The afternoon was a cornucopia of screen passes, short runs and stuffs at the line. Purdue didn’t practice its Hail Marys, and couldn’t get a vertical passing or running game going for the majority of the affair. Fifth-year wideout Jackson Anthrop led the team with 90 yards on seven catches, but his late-game receiving heroics couldn’t help the team’s inefficiency.

The team attempted a true trick play once: a wideout pass play ended in junior receiver Milton Wright taking a sack 7 yards behind the line of scrimmage.

To make matters worse, Purdue’s punt team decided to treat its punts like homilies and kept them short. Freshman Jack Ansell and redshirt freshman Brendan Cropsey averaged 35 and 42 yards per punt on kicks made from the Purdue 20-25 yard line.

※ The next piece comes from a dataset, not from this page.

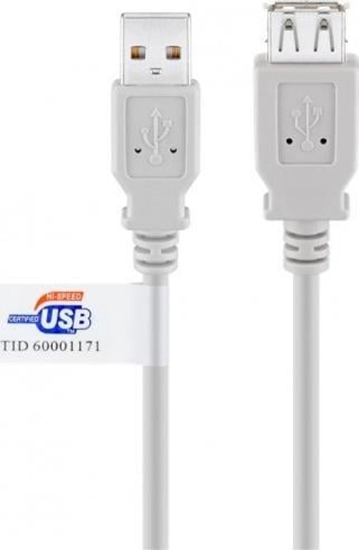 Изображение Kabel USB Goobay USB-A - USB-A 1.8 m Szary (JAB-853462)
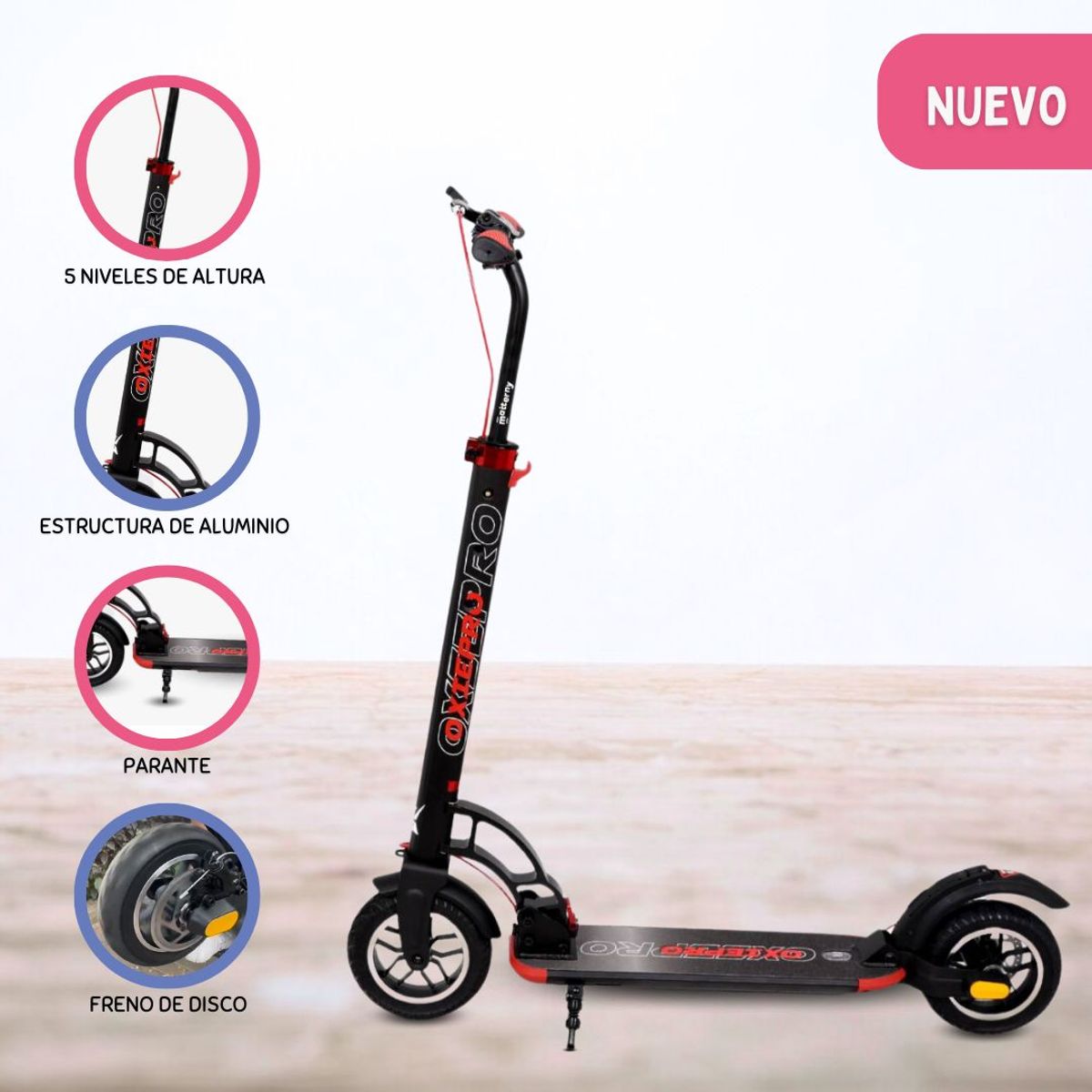 OXIEPRO - Scooter Grande de Aluminio «URPI» Red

Notre Dame seized on the opportunity provided by Purdue’s short possessions and its own short fields to wear down the aggressive defense and start to pop off longer and longer plays.

All three Irish touchdowns came on explosive plays: a 39-yard pass that nearly made two Purdue defensive backs collide, a 62-yard bomb and a 51-yard run in the last half of the fourth quarter that left three tacklers in the dust.

Late in the game, Purdue swapped out starting junior quarterback Jack Plummer for fifth-year Aidan O’Connell. Brohm said it was to take pressure off Plummer, who had been “hit and under duress” all afternoon. O’Connell seemed to be living up to his reputation as a late game magician when disaster struck.

Here is where the religious references will end: David Bell took a truly scary hit late in the game. Going to the ground after what could have been a momentum-swinging chunk reception, Bell was struck from behind by safety Kyle Hamilton and his head hit the ground hard. He laid on the field for what felt like an hour while medical personnel knelt around him and Purdue’s entire sideline gathered at a distance.

The stadium was as quiet as it had been all afternoon, with only a ripple of mutters after officials announced they were reviewing the play.

After Bell was helped into the injury cart and taken off the field, the officials returned with their ruling: incomplete pass. Not only did Purdue lose its most dynamic playmaker, but the reception he made didn’t count. Coming right after another long incompletion that was prevented by a questionably uncalled pass interference — a cornerback grabbed an entire handful of his jersey — the injury put a brutal cap on an already lackluster day from the star.

The offense played better than it had all afternoon after that point. O’Connell made passes of 13, 16 and 12 yards as the Boilers marched down to the Notre Dame red zone. But the luck ran out when a pass intended for junior tight end Payne Durham slipped through his hands and into Hamilton’s for a brutal interception. O’Connell would cap his afternoon with a long, game-sealing Hail Mary interception on the team’s last drive.

But the day ended with some good news. After the team’s postgame press conference, the team announced Bell was “up and walking” with his teammates, and Bell himself took to Twitter Sunday afternoon to confirm he was healthy.

The defense is confident in its performance and saw today as an improvement.

“Today was just another step in our play,” Alexander said. “We just need to get 1% better every day.”

And Purdue is heading into a home game against Illinois (1-3) with a 2-1 record, its best non-conference record since head coach Jeff Brohm’s first season. The Illini will be a get-right game in every sense of the word for the Boilers, who are favored by 10 points per ESPN.